How Do I Wean My 2 Year Old Off The Bottle?

How do I get my 2 year old off the bottle at night?

Watering down the milk This is a gentle and very effective way to wean your toddler off bottles in the night.

Over a few nights, gradually dilute the milk with water.

Do the same for any bottles offered during the night..

Should a 2 year old still have a bottle?

The American Academy of Pediatrics recommends that babies give up the bottle entirely by about age 1, and no later than 18 months.

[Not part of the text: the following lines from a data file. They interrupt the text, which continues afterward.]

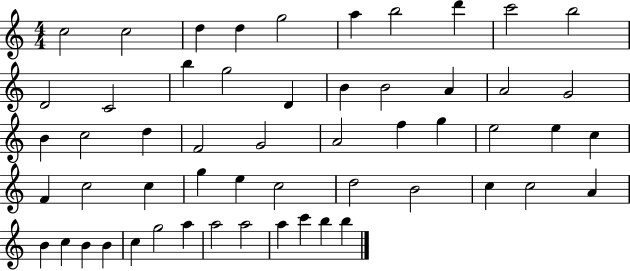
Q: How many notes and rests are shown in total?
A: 55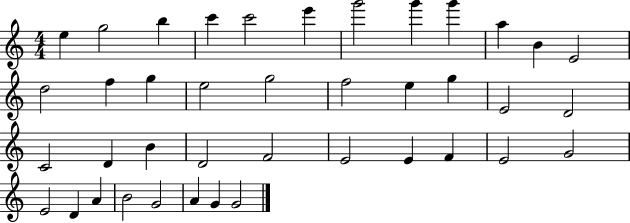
E5/q G5/h B5/q C6/q C6/h E6/q G6/h G6/q G6/q A5/q B4/q E4/h D5/h F5/q G5/q E5/h G5/h F5/h E5/q G5/q E4/h D4/h C4/h D4/q B4/q D4/h F4/h E4/h E4/q F4/q E4/h G4/h E4/h D4/q A4/q B4/h G4/h A4/q G4/q G4/h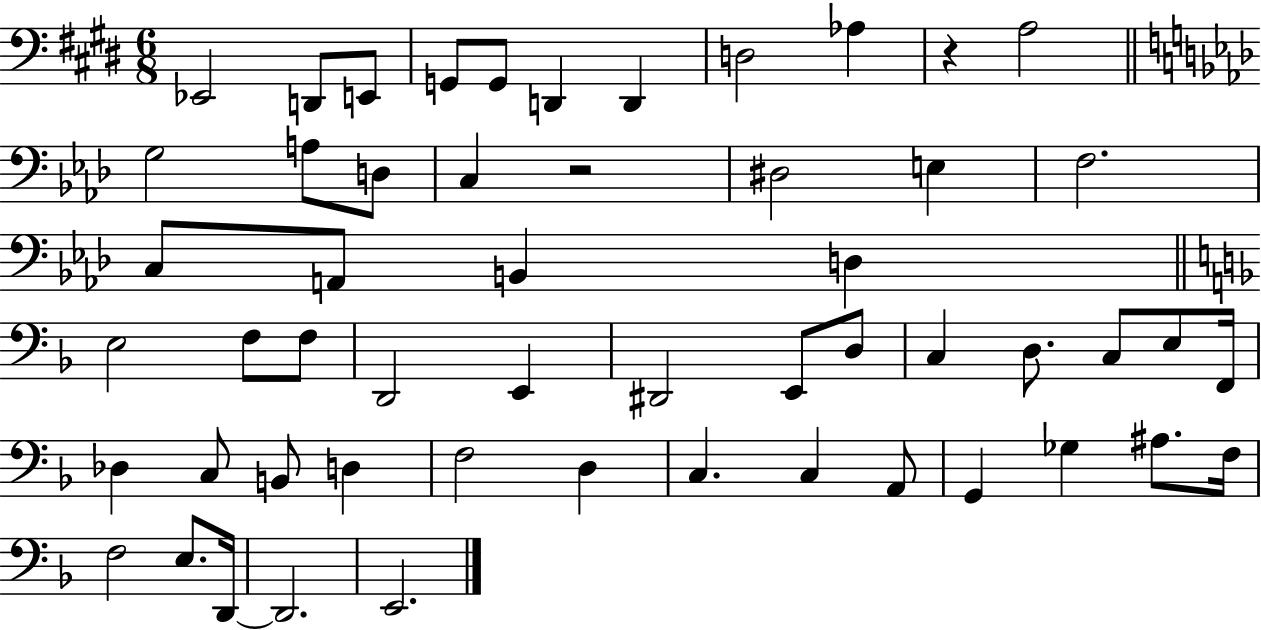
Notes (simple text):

Eb2/h D2/e E2/e G2/e G2/e D2/q D2/q D3/h Ab3/q R/q A3/h G3/h A3/e D3/e C3/q R/h D#3/h E3/q F3/h. C3/e A2/e B2/q D3/q E3/h F3/e F3/e D2/h E2/q D#2/h E2/e D3/e C3/q D3/e. C3/e E3/e F2/s Db3/q C3/e B2/e D3/q F3/h D3/q C3/q. C3/q A2/e G2/q Gb3/q A#3/e. F3/s F3/h E3/e. D2/s D2/h. E2/h.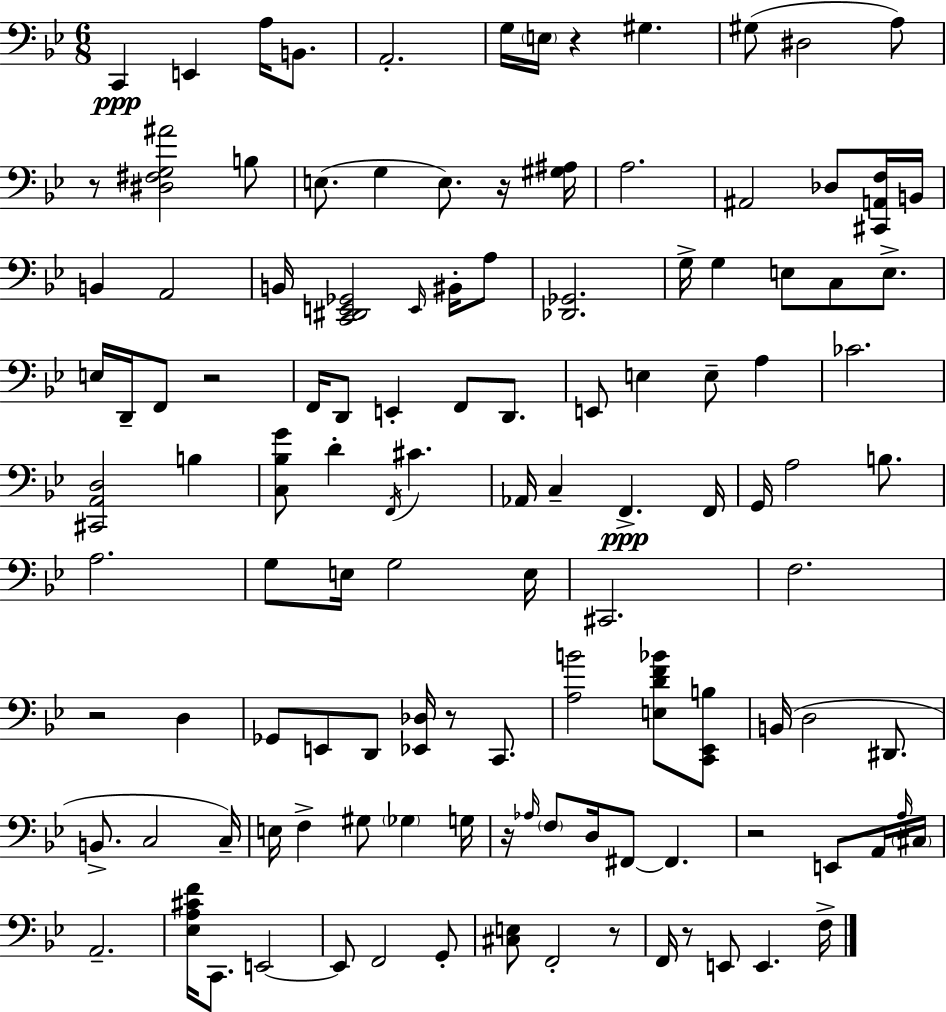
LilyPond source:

{
  \clef bass
  \numericTimeSignature
  \time 6/8
  \key bes \major
  c,4\ppp e,4 a16 b,8. | a,2.-. | g16 \parenthesize e16 r4 gis4. | gis8( dis2 a8) | \break r8 <dis fis g ais'>2 b8 | e8.( g4 e8.) r16 <gis ais>16 | a2. | ais,2 des8 <cis, a, f>16 b,16 | \break b,4 a,2 | b,16 <c, dis, e, ges,>2 \grace { e,16 } bis,16-. a8 | <des, ges,>2. | g16-> g4 e8 c8 e8.-> | \break e16 d,16-- f,8 r2 | f,16 d,8 e,4-. f,8 d,8. | e,8 e4 e8-- a4 | ces'2. | \break <cis, a, d>2 b4 | <c bes g'>8 d'4-. \acciaccatura { f,16 } cis'4. | aes,16 c4-- f,4.->\ppp | f,16 g,16 a2 b8. | \break a2. | g8 e16 g2 | e16 cis,2. | f2. | \break r2 d4 | ges,8 e,8 d,8 <ees, des>16 r8 c,8. | <a b'>2 <e d' f' bes'>8 | <c, ees, b>8 b,16( d2 dis,8. | \break b,8.-> c2 | c16--) e16 f4-> gis8 \parenthesize ges4 | g16 r16 \grace { aes16 } \parenthesize f8 d16 fis,8~~ fis,4. | r2 e,8 | \break a,16 \grace { a16 } \parenthesize cis16 a,2.-- | <ees a cis' f'>16 c,8. e,2~~ | e,8 f,2 | g,8-. <cis e>8 f,2-. | \break r8 f,16 r8 e,8 e,4. | f16-> \bar "|."
}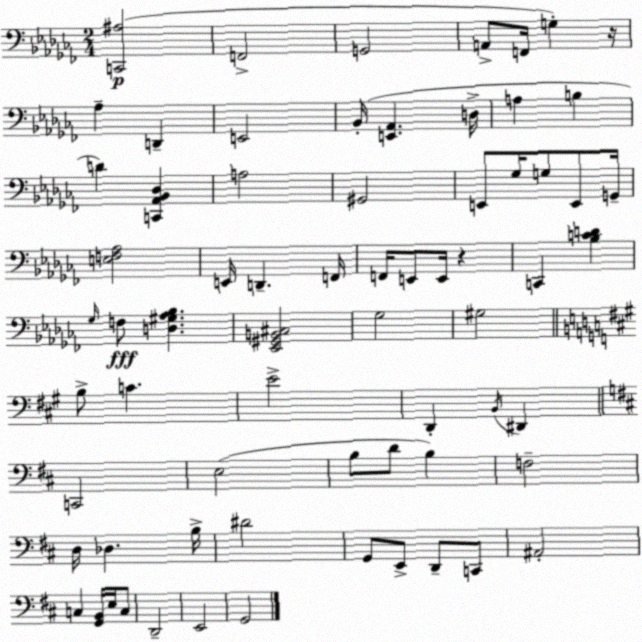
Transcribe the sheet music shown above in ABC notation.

X:1
T:Untitled
M:2/4
L:1/4
K:Abm
[C,,^A,]2 F,,2 G,,2 A,,/2 F,,/4 G, z/4 _A, D,, E,,2 _B,,/4 [E,,_A,,] D,/4 A, B, D [C,,_A,,_B,,_D,] A,2 ^G,,2 E,,/2 _G,/4 G,/2 E,,/2 G,,/4 [E,F,_A,]2 E,,/4 D,, F,,/4 F,,/4 E,,/2 E,,/4 z C,, [_B,CD] _G,/4 F,/2 [D,^G,_A,_B,] [_E,,^G,,B,,^C,]2 _G,2 ^G,2 B,/2 C E2 D,, B,,/4 ^D,, C,,2 E,2 B,/2 D/2 B, F,2 D,/4 _D, B,/4 ^D2 G,,/2 E,,/2 D,,/2 C,,/2 ^A,,2 C, [G,,B,,]/4 E,/4 C,/2 D,,2 E,,2 G,,2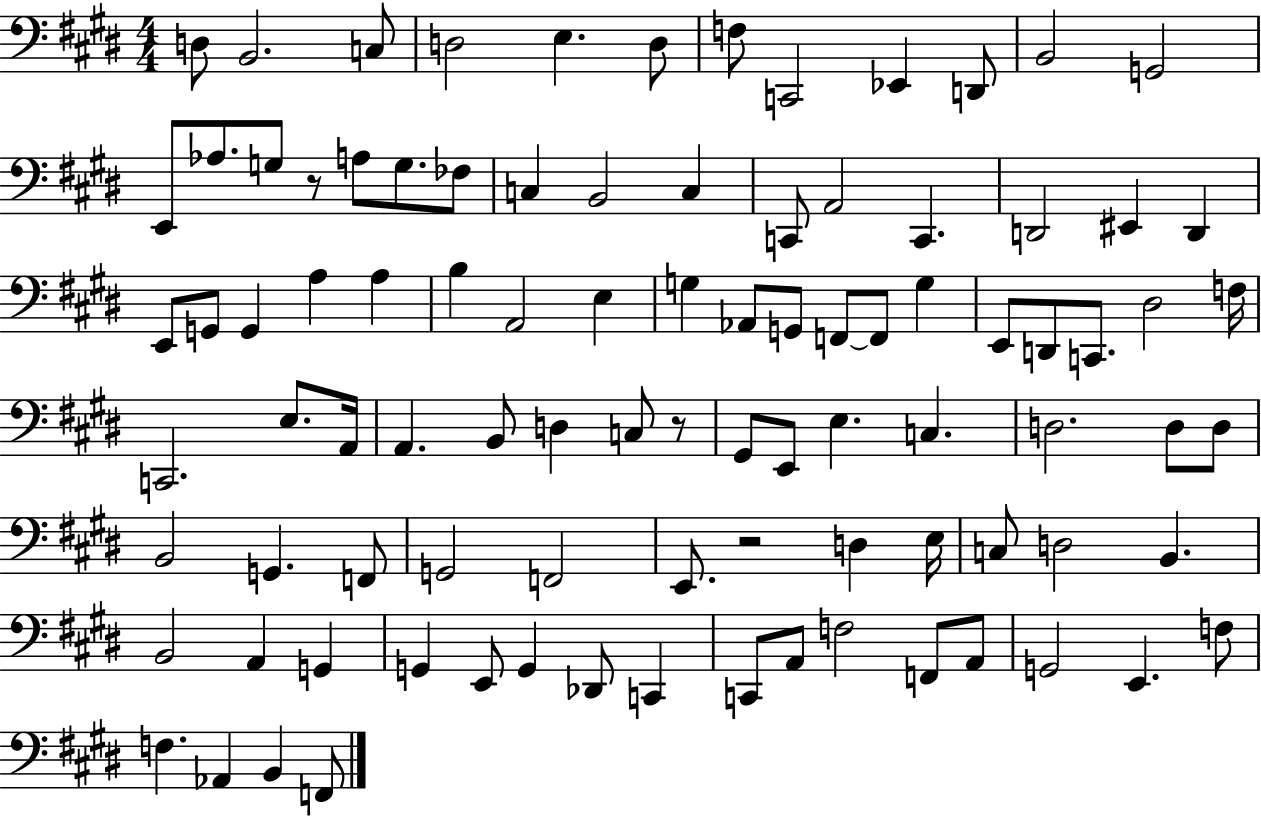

At what age should a child stop drinking out of a bottle?

The American Academy of Pediatrics suggests saying bye-bye to the bottle before your baby is 18 months old.

When should I stop giving my toddler a bottle at night?

By the age of six months, many babies don’t need the bedtime bottle for nourishment, and by the age of nine months, very few need the extra calories and nutrients offered by the bedtime bottle, since they’re typically eating and drinking plenty throughout the day.

How do I get my 3 year old to stop drinking from a bottle?

Offer milk (or something else to drink) in a cup at the beginning of the bedtime ritual — before reading a story, taking a bath, or brushing her teeth. Reduce the amount she gets in her bottle a half ounce to an ounce a day until it is empty, then take the bottle away.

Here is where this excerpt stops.